- _MATERIAL PROVIDED_:
BEGIN

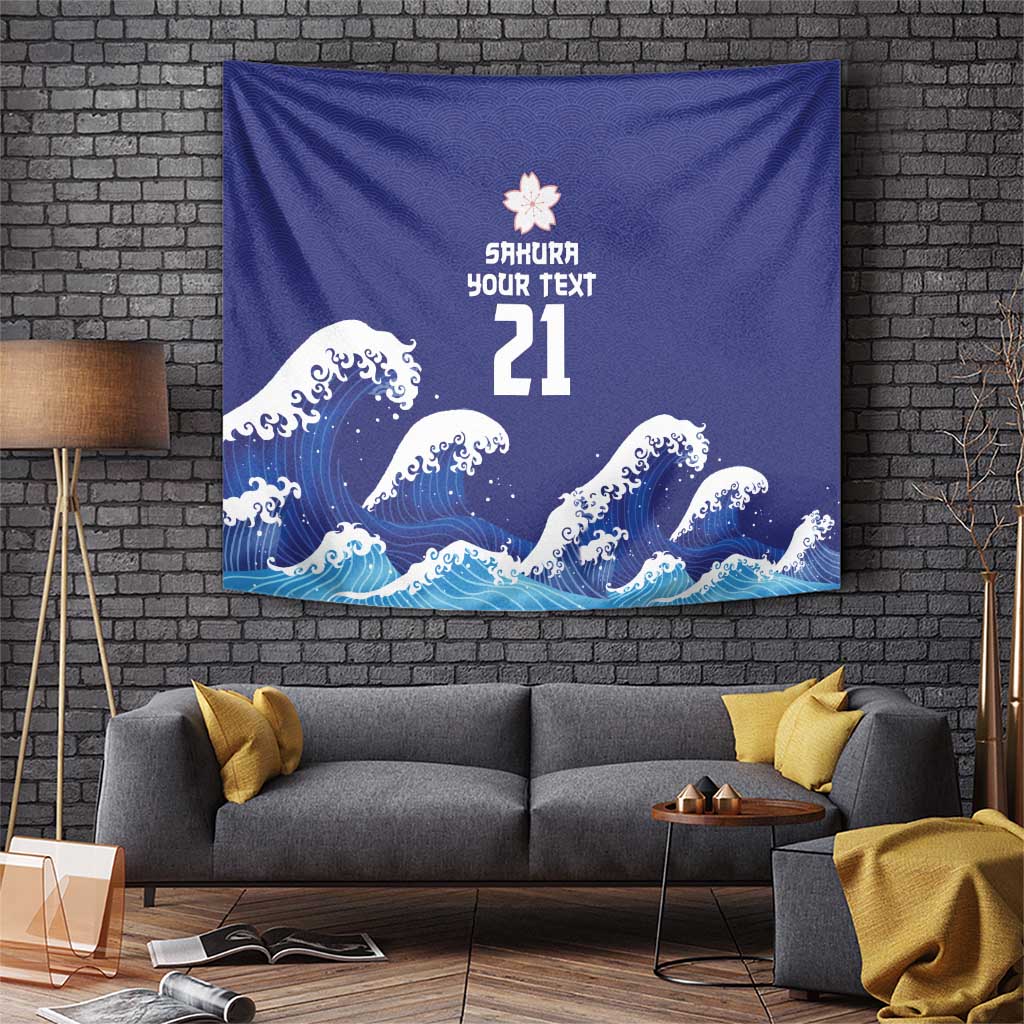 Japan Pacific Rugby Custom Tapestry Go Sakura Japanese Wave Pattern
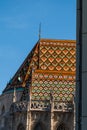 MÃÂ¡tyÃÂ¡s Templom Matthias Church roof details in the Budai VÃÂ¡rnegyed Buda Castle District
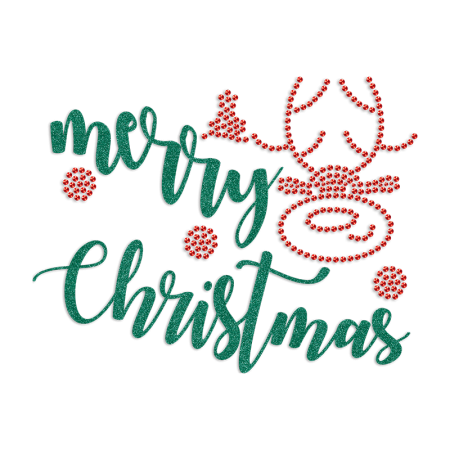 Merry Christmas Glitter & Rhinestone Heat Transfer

END

- _WORK TO COMPLETE_: Would you output the data exactly, without any of its images?

- _SOLUTION FOR THIS TASK_:
 Japan Pacific Rugby Custom Tapestry Go Sakura Japanese Wave Pattern
 MÃÂ¡tyÃÂ¡s Templom Matthias Church roof details in the Budai VÃÂ¡rnegyed Buda Castle District
 Merry Christmas Glitter & Rhinestone Heat Transfer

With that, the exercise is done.